The reduction of the relative movements or the shortening of the relative distances of the contact partners of the interface has several advantageous effects. A first effect relates to the relative movements or the relative distances between the contact partners that generate the form-fitting and/or frictionally engaged connection between power tool and energy supply device. These relative movements or the relative distances can undesirably increase the contact resistance of the interface, wherein said increase is initially independent of the state of wear of the interface. In the context of the invention, this preferably means that the increased contact resistances may arise even in the new state of a system composed of power tool and energy supply device if, in the interface between the system components, undesired relative movements of the contact partners of the interface occur. Furthermore, the relative movements between the contact partners can lead to wear and ultimately oxidation, such that the contact resistance of the interface can disadvantageously increase further. In particular, wear of the noble layers of the contact partners can occur, which ultimately leads to atmospheric oxidation involving atmospheric oxygen and/or to fretting corrosion. By virtue of the fact that the invention considerably reduces the relative movements between the contact partners and thus the contact resistance, it contributes significantly to achieving that particularly high electrical currents can be transmitted from the energy supply device to the power tool by means of the interface. The invention furthermore reduces undesired wear of the contact partners, and thus likewise makes a valuable contribution to extending the service life of the interface.

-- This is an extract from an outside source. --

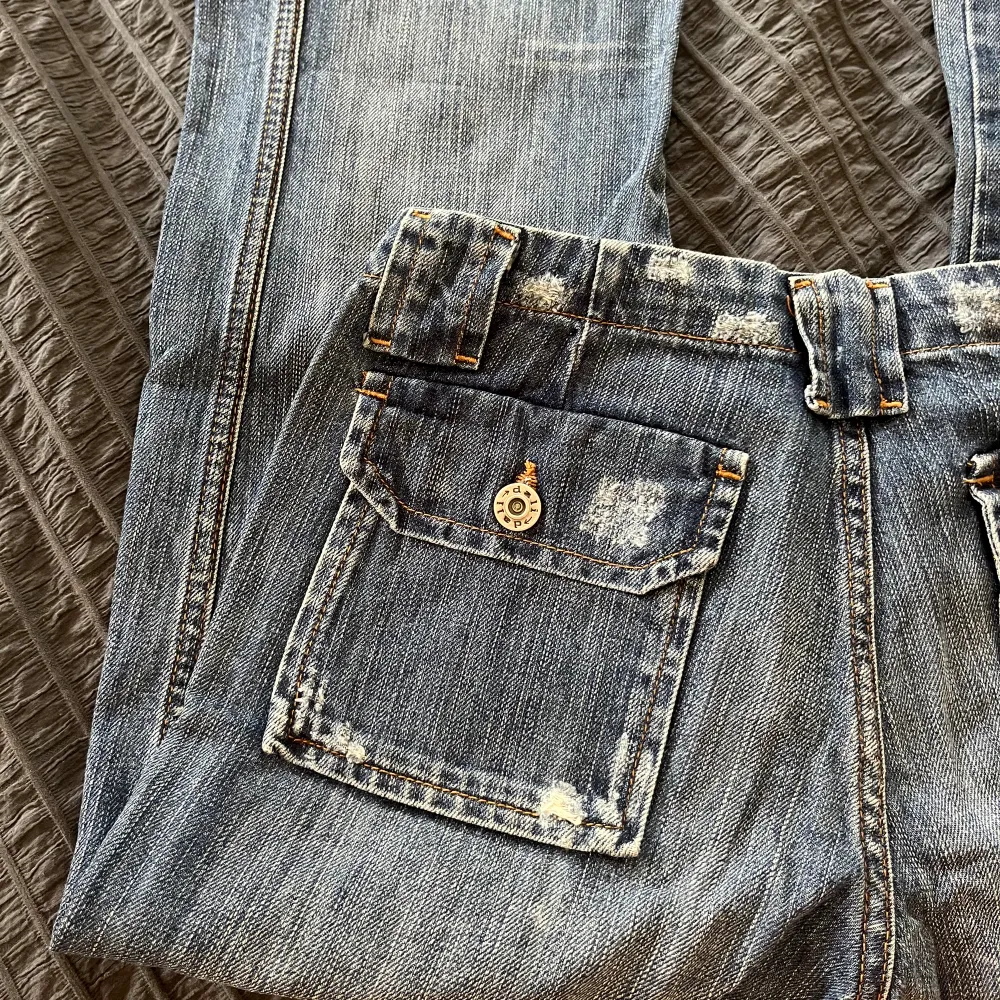 Så coola lowwaist bootcut jeans som tyvärr är lite för små för mig. Skulle säga att dom passar XS. Midjemåttet rakt över är 36 cm och innerbenslängden är 76 cm❤️‍🔥. Jeans & Byxor.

In the context of the invention, it is preferred that the elastic means for shortening the relative distances between the power contacts of the interface lead to a mechanical decoupling between the power tool and unit composed of male and female contact partners. Alternatively, the elastic means may lead to a mechanical decoupling between the power tool and the unit composed of male and female contact partners. Owing to the mechanical decoupling, any undesired relative movement between the contact partners is not transmitted, but is advantageously compensated by the elastic means.

Tests have shown that the invention can effectively prevent an undesirable increase in temperature in the contact region between the male contact partner and the female contact partner. For example, the temperature measured in the contact region between the contact partners can be reduced by up to 30 degrees because the grade and quality of the contact between the contact partners can be significantly improved with the invention, i.e., by providing the elastic means to reduce the relative movement. The improvement of the contact resistance advantageously leads to an increased current-carrying capacity of the interface, such that the invention allows operation of or electrical energy supply to power tools in higher power classes, i.e. particularly high-powered power tools. The reduction in power losses in the contact resistance may advantageously lead to a reduced thermal load on the surrounding components. In particular, components composed of thermoplastic material can thus be effectively protected from damage owing to excessive introduction of heat.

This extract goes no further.